EPIPHANY 2 - The 2AM Call is a great motivation for quality
It is obvious that no one wants to wake up at 2AM. Experiencing the 2AM call once or twice, is typically enough motivation for any of us to look for ways to improve our solution and avoid getting the dreaded call.
EPIPHANY 3 - Teams that take ownership of features from ideation to deprecation are typically involved in the least 2AM calls.
Why does SHIFT LEFT + SHIFT RIGHT reduce the 2AM calls?
SHIFT LEFT
The core idea is to perform tasks such as testing, security scanning, user experience reviews, and code reviews as early as possible in the continuous integration and deployment life cycle as possible.
Snapshot of our quick poll - What is important to automate for a healthy DevOps environment?
Automation is key to the SHIFT LEFT practice allowing us to integrate the tasks seamlessly in the engineering system.
The above snippet is from a pull request validation build that shows that 71,283 unit tests were validated in less than 7 minutes. It can be done!

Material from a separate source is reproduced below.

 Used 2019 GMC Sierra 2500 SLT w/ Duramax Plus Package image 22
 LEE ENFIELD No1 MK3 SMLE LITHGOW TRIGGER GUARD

Similarly, continuous integration builds can perform credential, security, and other scans, allowing us to validate the quality of a feature early and continuously, identify issues early, and either fix or fail fast before we commit ourselves to a deployment.
SHIFT RIGHT
Contrary to practices such as testing and security scanning, which we want to perform as early and often as possible, we want to defer the configuration deployments as long as possible - SHIFT configuration RIGHT. Explore how to generate ONE build, deploy to MANY environments, simplify build artifact traceability and remote debug, as needed ... it is possible!
BUT, WHY DOES IT REDUCE THE 2AM CALL?
PEOPLE are the hardest part of any transformation! Innovating continuously to improve the PROCESS and PRODUCTS (tools) is the easy part.
EPIPHANY 3 - We need to ensure that engineers see the value for SHIFT LEFT
If you SHIFT LEFT with testing and security, the engineers, the PEOPLE, will initially push back as the pull request validation builds take longer and associated logs and alert noise increase dramatically. However, running 70,000 unit tests with every build, as shown above, eventually raises the quality of the solution. It is like a train that takes a while to pick up speed. Once in motion, the momentum will dramatically improve key performance indicators (KPI), such as lead time for change, mean time to recover, and especially change failure rate.
CAUTION - KPIs are often not meaningful to all stakeholders. For example, mentioning a 2,604 times faster mean time to recover metric is probably viewed with more skepticism than excitement by many business stakeholders.
A reduction in incidents and 2AM calls, however, is an easy one to unpack and understand - especially for on-call engineers now snoozing next to silent pagers and mobile phones.